SOURCE DATA:
● ● ● ●
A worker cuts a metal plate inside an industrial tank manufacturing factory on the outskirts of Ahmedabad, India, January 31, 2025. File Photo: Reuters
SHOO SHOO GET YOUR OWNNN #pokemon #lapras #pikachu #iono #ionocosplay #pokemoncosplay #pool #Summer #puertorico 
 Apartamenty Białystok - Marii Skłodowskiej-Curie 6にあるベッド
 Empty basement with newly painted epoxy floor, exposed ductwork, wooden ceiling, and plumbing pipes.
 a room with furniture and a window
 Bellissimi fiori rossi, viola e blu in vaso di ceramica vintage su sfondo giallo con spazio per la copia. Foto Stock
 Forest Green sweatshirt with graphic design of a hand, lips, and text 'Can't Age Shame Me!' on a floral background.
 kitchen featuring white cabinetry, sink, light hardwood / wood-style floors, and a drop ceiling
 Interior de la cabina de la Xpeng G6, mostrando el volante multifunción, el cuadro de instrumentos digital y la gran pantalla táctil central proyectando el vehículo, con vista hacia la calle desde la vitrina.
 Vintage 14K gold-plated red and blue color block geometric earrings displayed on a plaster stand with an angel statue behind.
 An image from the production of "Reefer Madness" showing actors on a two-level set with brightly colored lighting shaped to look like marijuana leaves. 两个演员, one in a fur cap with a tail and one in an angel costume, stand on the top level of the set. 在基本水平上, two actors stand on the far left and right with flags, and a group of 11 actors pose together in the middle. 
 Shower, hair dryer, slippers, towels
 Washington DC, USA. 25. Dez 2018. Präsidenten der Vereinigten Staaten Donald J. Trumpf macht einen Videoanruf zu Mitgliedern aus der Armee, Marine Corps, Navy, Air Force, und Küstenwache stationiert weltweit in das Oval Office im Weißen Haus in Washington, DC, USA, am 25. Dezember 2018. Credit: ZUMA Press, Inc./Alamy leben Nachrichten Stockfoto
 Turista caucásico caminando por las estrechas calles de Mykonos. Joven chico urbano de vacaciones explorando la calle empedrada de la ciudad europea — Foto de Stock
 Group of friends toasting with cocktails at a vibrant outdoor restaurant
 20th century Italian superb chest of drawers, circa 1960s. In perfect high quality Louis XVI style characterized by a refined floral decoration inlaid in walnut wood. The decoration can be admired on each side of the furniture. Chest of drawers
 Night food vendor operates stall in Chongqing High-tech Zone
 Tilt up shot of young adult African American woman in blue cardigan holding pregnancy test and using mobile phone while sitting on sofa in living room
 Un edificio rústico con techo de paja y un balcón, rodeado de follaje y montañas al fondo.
● ● ● ●
PROBLEM TO SOLVE: From the records, copy out each line that includes the string "blue".

RESPONSE TO THIS TASK:
 Vintage 14K gold-plated red and blue color block geometric earrings displayed on a plaster stand with an angel statue behind.
 Tilt up shot of young adult African American woman in blue cardigan holding pregnancy test and using mobile phone while sitting on sofa in living room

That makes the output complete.